One of the best books I read this year didn’t cost me a dime. This book is called The Tower, and it’s written by Chris Guillebeau. I think you should pick it up and give it a read yourself so I won’t spoil too much, but I’ll share with you how it impacted me this past year – and how that will affect me for years to come.
Chris was spend a lot of time playing a game where he had to maintain many aspects of a tower. I had a problem similar to Chris’s in that I had another game that I played: Smurf Village.
Now I was a big fan of The Smurfs growing up, so when the game became available for the iPad – a game that was reminiscent of other games I use to play like Sim City and Populous – I downloaded it. It was, after all, free.
I began to play Smurf Village with a great deal of fervour. I didn’t go so far as to buy any smurfberries or spend any money on in-app purchases of a similar nature, but I did occasionally untether my device from the wireless network, manually move the clock ahead an hour so that I could obtain more precious crops faster than real time would allow, and then go “back in time” shortly thereafter by going back online.1
So I continued to build my village. It grew to massive proportions, meaning it took more energy to maintain it. But I was winning.
Right?
Not so much.
I was actually losing. Losing out on time spent on better things. Things that made real progress. Things that propelled Mike Vardy forward, as opposed to Mike Vardy’s Smurf Village forward. As a matter of fact, I was regressing by getting too involved in the game – and while I don’t habitually play games, when I get into one it is very tough to pull me away. It happened with Star Wars: Knights of the Old Republic. It happened with that game’s sequel. It even happened when I played The Bard’s Tale back in the day.2
I don’t know exactly when I realzied that the village was winning and I wasn’t. It might have hapened when I looked at the clock in the wee hours of the morning one day and realized I should have been writing something like this instead of spending my time on a game like that. Regardless, I figured it out. And when I did, it led me down a path to figuring out other things.
Like time spent on social media, for example.

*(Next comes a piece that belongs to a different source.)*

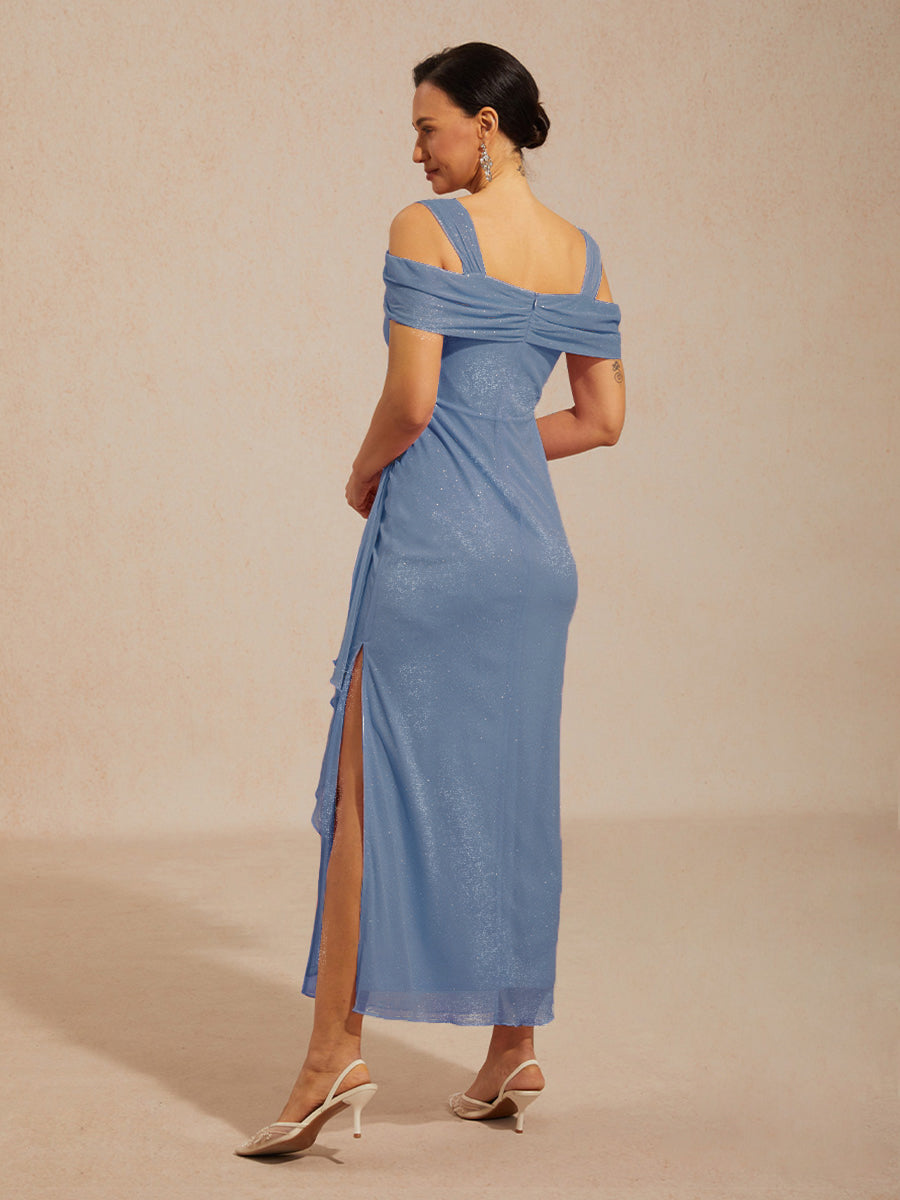 Ankle-Length Cold Shoulder Glitter Mesh Dress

I knew I wasn’t spend a ridiculous amount of time on Twitter, Facebook, et al…but I knew I was spending too much time on those platforms without having much of my own stuff to share. I also belonged to far too many networks, so I whittled them down to something far more manageable. And because I did that not only did the value of each service increase, but the value of the updates I offered through each service did as well.
I became more mindful about using some of the services. Path became a place I’d spend more time in. App.net has also seen more updates from yours truly as of late. I was fostering relationships online in smaller circles, and making a bigger impact.
Through the village I also realized that I could build so much more with my iPad than just smurfberry patches. I could spend more time on the device building posts like this. I could spend more time on the device writing something bigger – like a manifesto.
Chris’s book resonated with me in a way that few books have. He turned his focus from the tower-building game to his tower-building life, and he had the courage and the generosity to share his story. It’s not a long story, but it certainly is a full one.
You can read more about The Tower and download it from Chris’s site here.
And you can go and create your own tower anywhere you choose. Just make sure that you do it.
1 This is one piece of lifehackery I wouldn’t recommend.
2 I couldn’t rest until I beat those 99 berzerkers, 99 berzerkers, 99 berserkers, 99 berzerkers, and 99 berzerkers.